LSU ECE Professor’s Paper Accepted Into Prestigious AAAI Conference
March 28, 2025

LSU Electrical & Computer Engineering Associate Professor Xiangwei Zhou recently had his paper, titled “DualGFL: Federated Learning with a Dual-Level Coalition-Auction Game,” accepted into the 2025 AAAI Conference on Artificial Intelligence, an annual event that brings together researchers, practitioners, and industry leaders to share cutting-edge advancements in AI.
Federated learning (FL) has emerged as a powerful approach to decentralized machine learning, allowing multiple clients to collaboratively train models while preserving data privacy. Game-theoretical methods have been explored to optimize federated learning strategies. However, most existing studies rely on single-level games in either cooperative or competitive settings, failing to fully capture the complex interactions among participants.
To overcome this limitation, Zhou and his co-authors at LSU and University of Louisiana Lafayette introduced DualGFL, a novel FL framework that integrates a dual-level game in cooperative-competitive environments. This approach improves system efficiency and fairness by strategically modeling both client coalition formation and competition for training participation.
At the lower level, DualGFL employs a hedonic game, where clients form coalitions based on their preferences. The authors introduce an auction-aware utility function to guide coalition formation and implement a Pareto-optimal partitioning algorithm. This ensures that the coalition structure is optimized to balance utility among participants.
At the upper level, coalitions participate in a multi-attribute auction game to bid for training participation. This phase accounts for resource constraints and aims to derive equilibrium bids that maximize both coalitions' winning probabilities and profits. A greedy algorithm is proposed to optimize the central server’s utility, ensuring efficient resource allocation.
By integrating cooperative and competitive dynamics, DualGFL establishes a more robust federated learning paradigm.

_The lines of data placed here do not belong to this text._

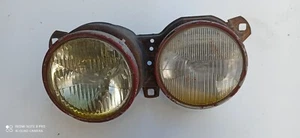 PHARE AVANT DROITE BMW SERIE 3 E30 14464R8 / 303-126082 - Picture 1 of 5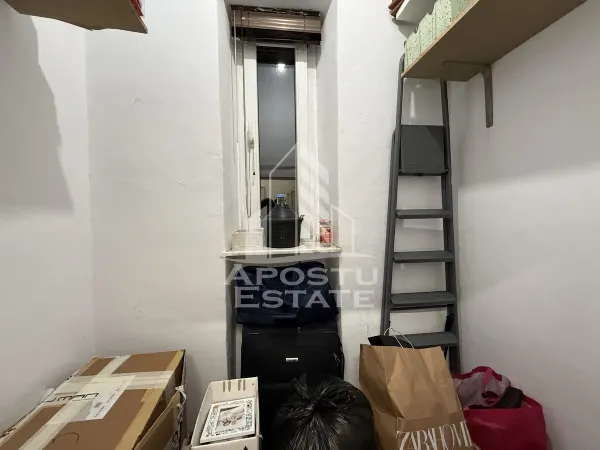 Apartament 1 camera Timișoara - poza 17
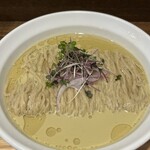 NIBOSHI MANIA - 冷や牡蠣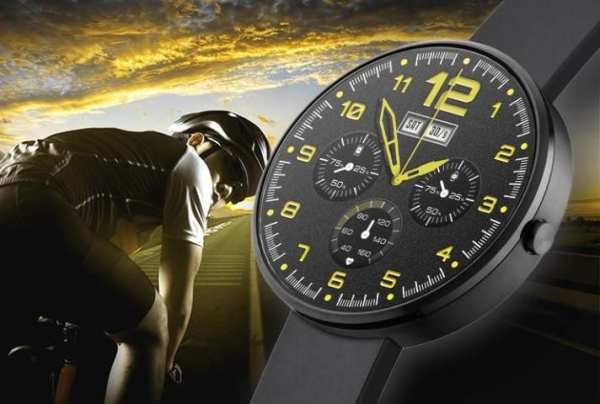 Smart Watch Face screenshot 4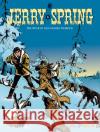 Jerry Spring 6 Jijé 9783968041735 All Verlag
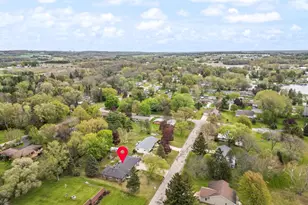 388 Palmer Ave, Green Lake, WI 54941 - Photo 61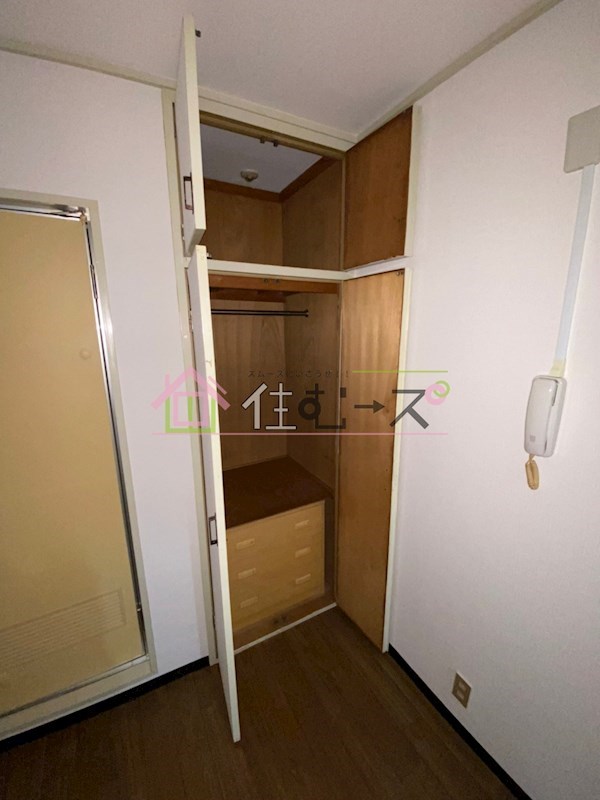 MOMO HOUSE 豊新 その他5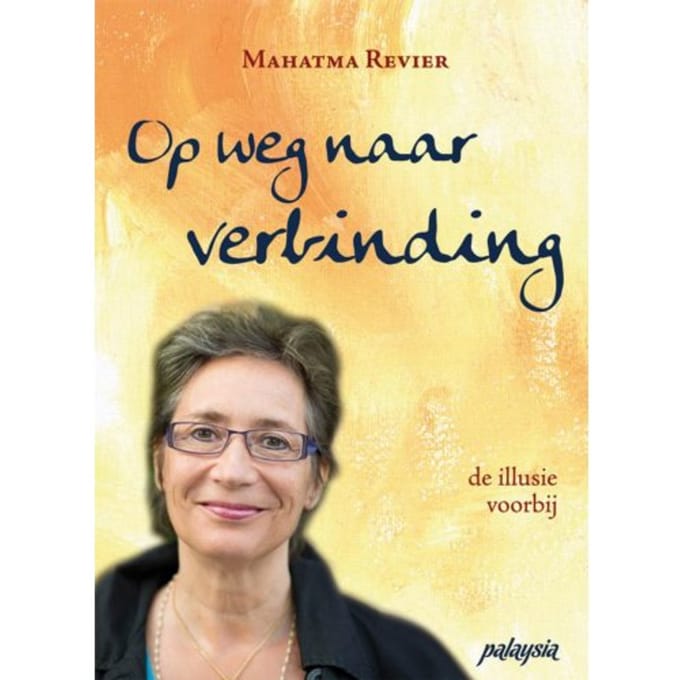 Op Weg Naar Verbinding - T. Revier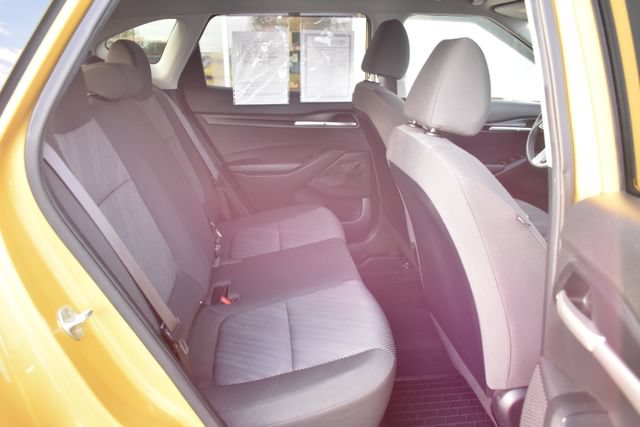 Used 2023 Kia Seltos LX AWD/4WD image 33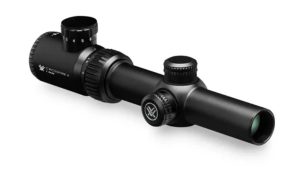 Vortex Crossfire II 1-4x24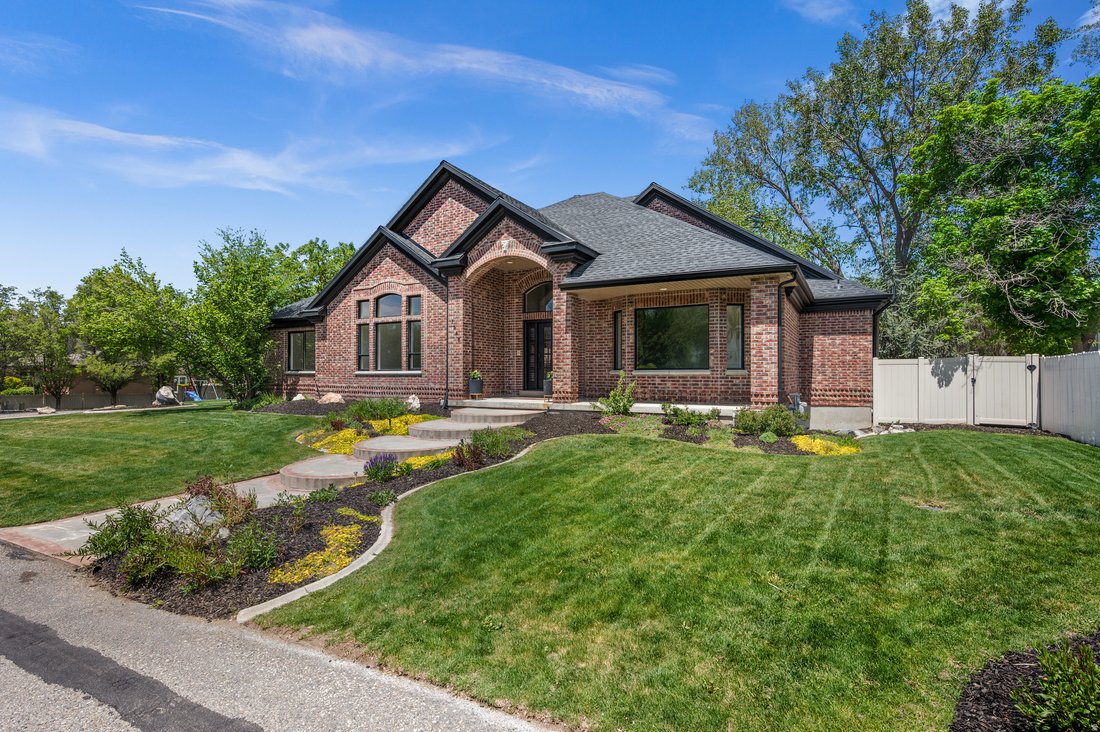 House in Draper, Utah, United States 2 - 17921216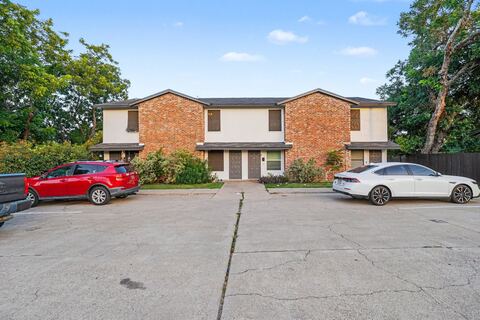 3301 Aurora Street B, Haltom City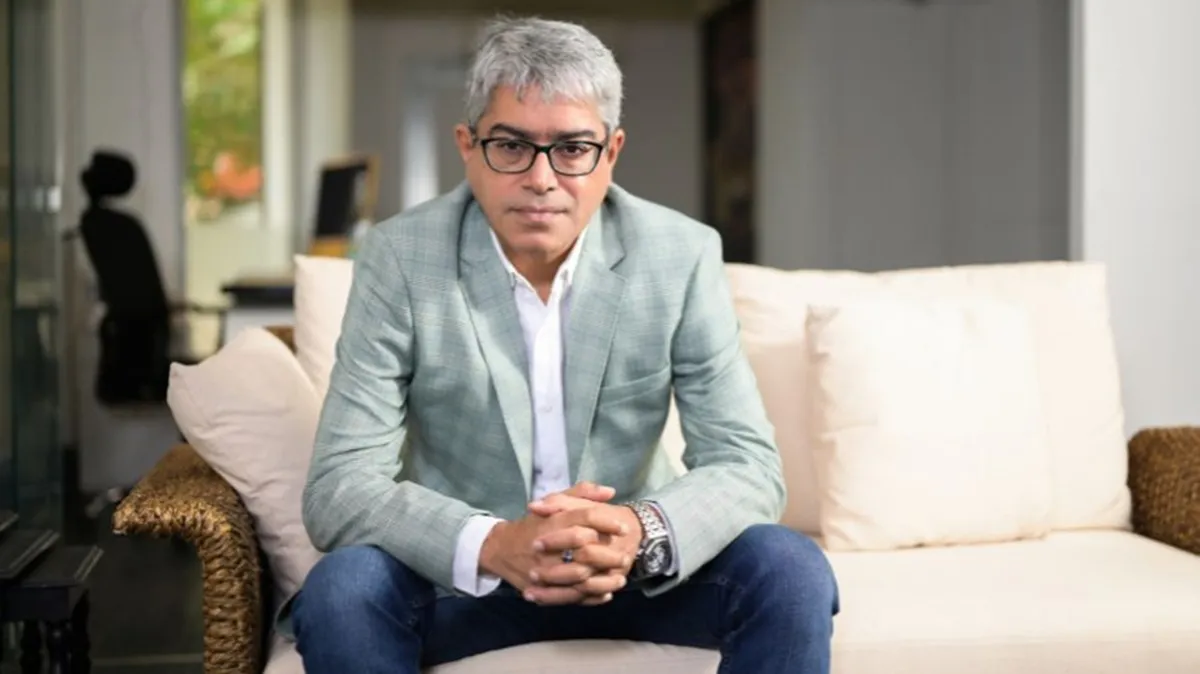 Vivek-Suchanti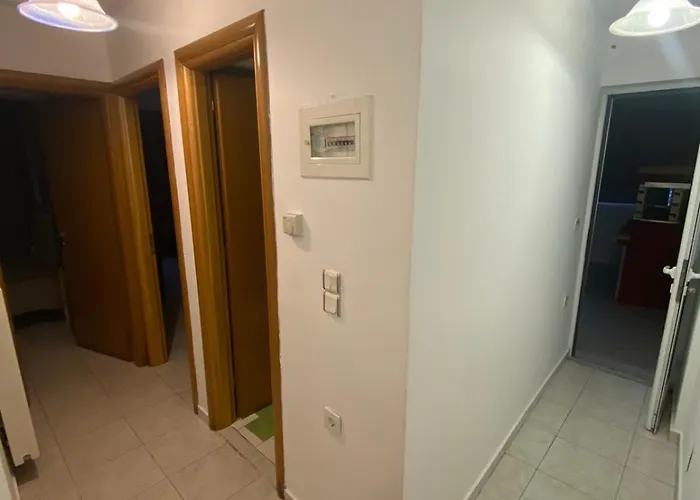 Elpida View * Kastro-Kyllini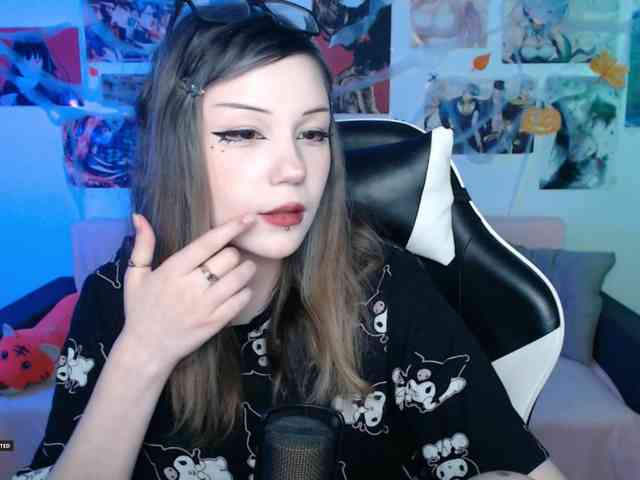 Hugo-Min webcam
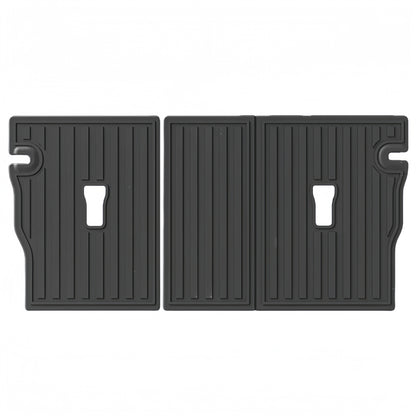 Buick Encore Plus 2023 TPE Car Floor Mat/Rear Trunk Mat TPE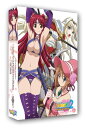 【中古】OVA『ToHeart2ダンジョントラベラーズ』Vol.1 Blu-ray限定版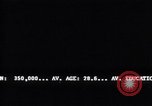 Immagine di Riprese aeree del South Bronx e treno elevata South Bronx New York City USA, 1965, secondo 12 filmato di repertorio 65675040519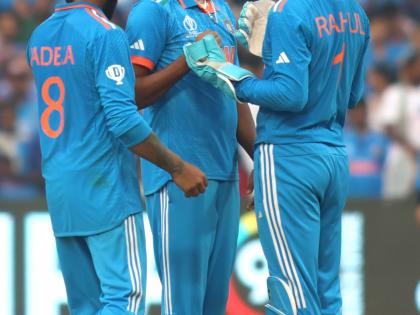 Men’s ODI WC: Five times Indian players put up memorable performances in wins over New Zealand | Men’s ODI WC: Five times Indian players put up memorable performances in wins over New Zealand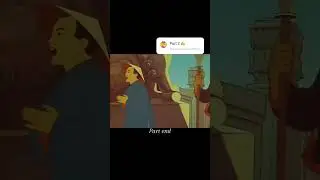 Great animation 👏🥰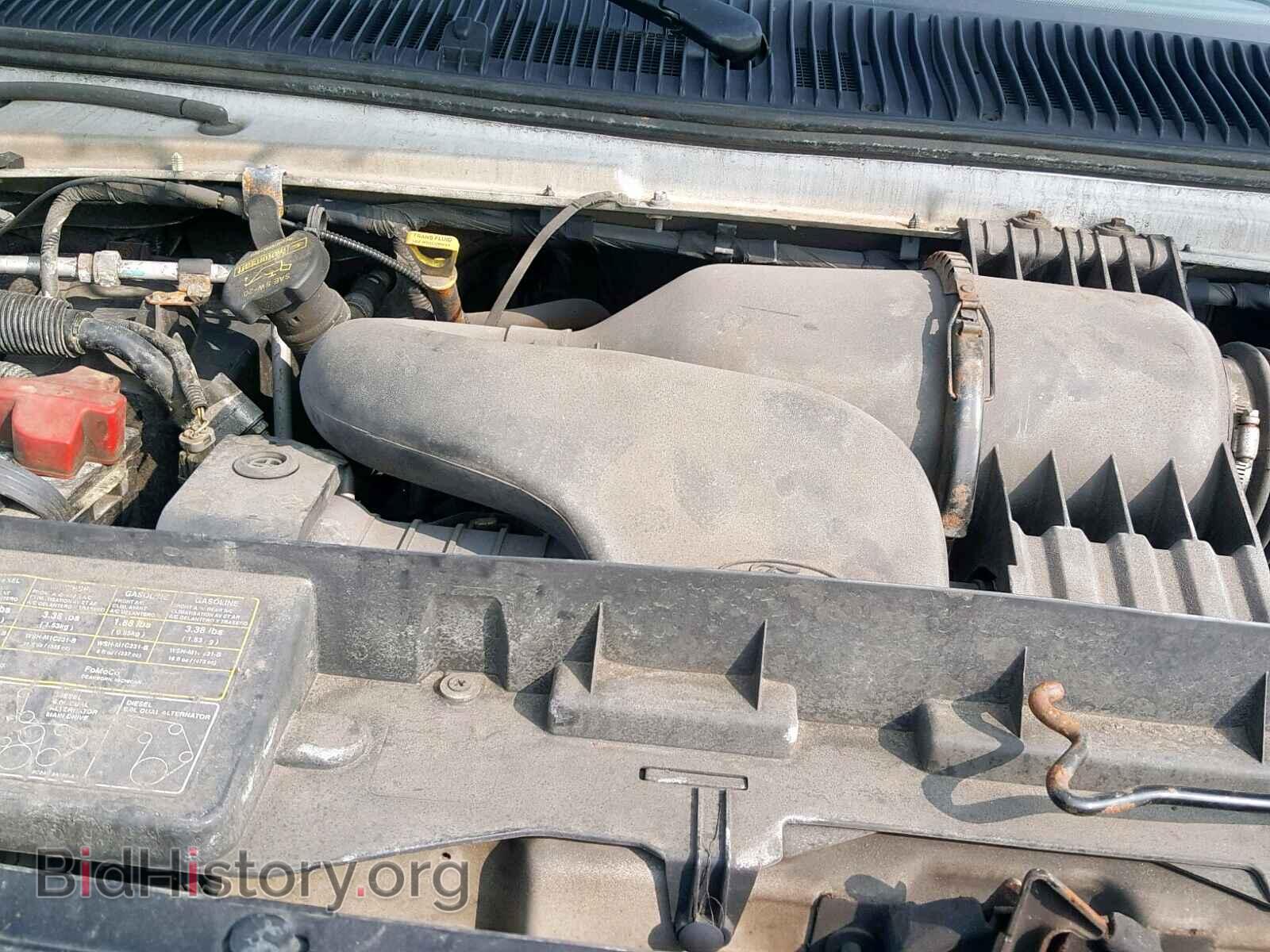 2010 FORD ECONOLINE - VIN: 1FTNE2EW2ADA06344 - Photo 7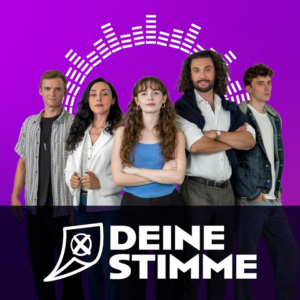 DeineStimme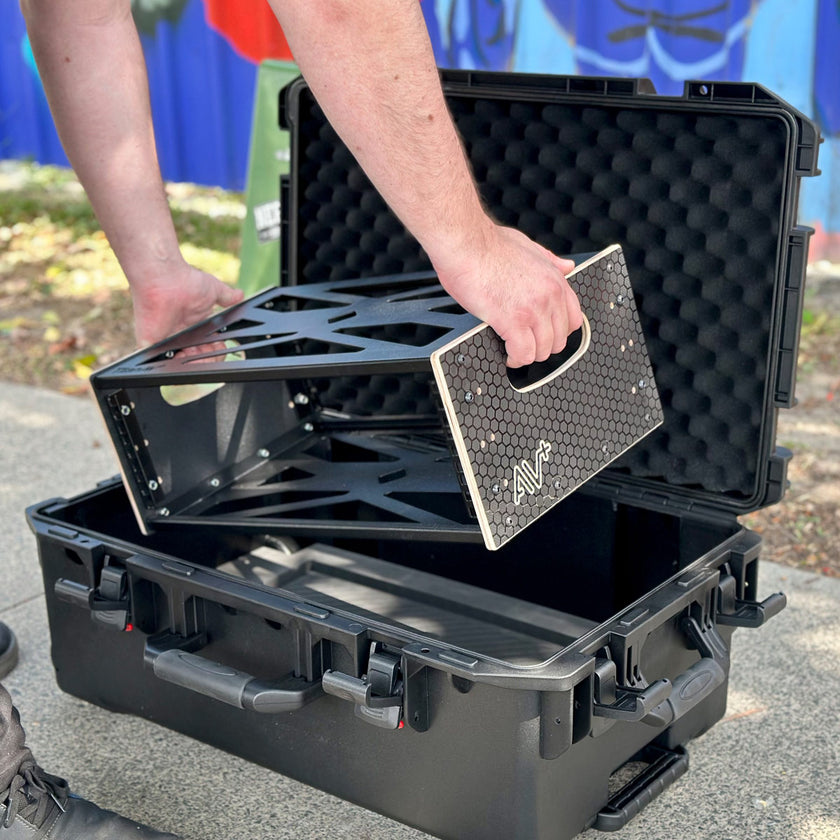 Shop Fly Racks | Portable 19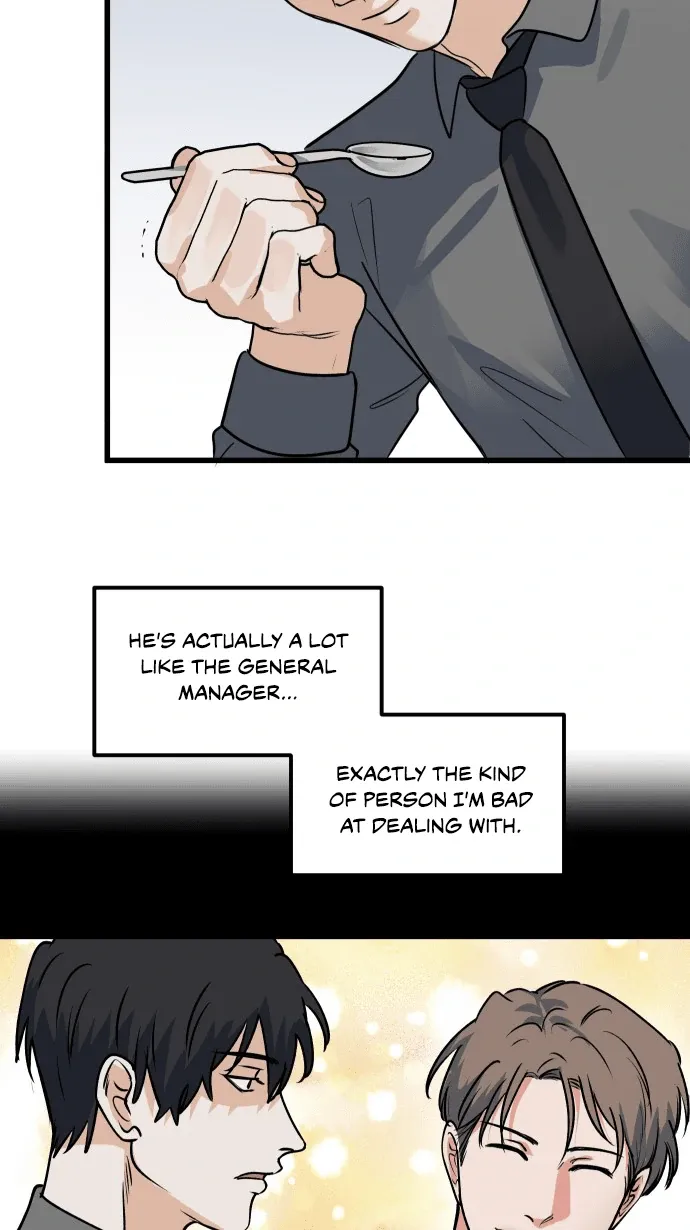 My secretary wants to kill me! Chapter 16 page 28 - 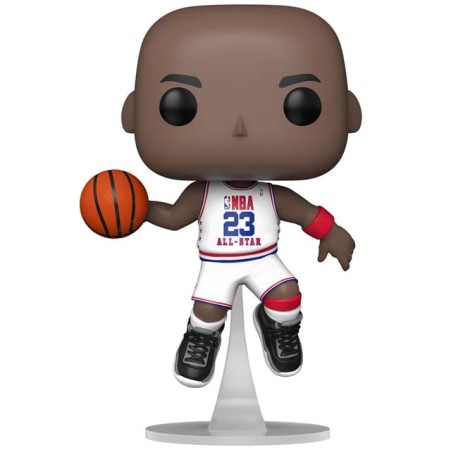 Funko Pop! Figura Pop NBA All Stars - Michael Jordan - 137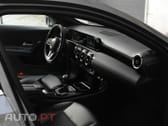 Mercedes-Benz A 180 d Progressive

The combination of hedonic coalition formation and multi-attribute auctions ensures fair participation and efficient resource utilization, paving the way for scalable and effective decentralized learning systems.
On another note, Zhou’s PhD student Xiaobing Chen, who contributed to the paper, has officially accepted an offer to join Meta (formerly Facebook, Inc.) after four years of dedicated PhD studies at LSU.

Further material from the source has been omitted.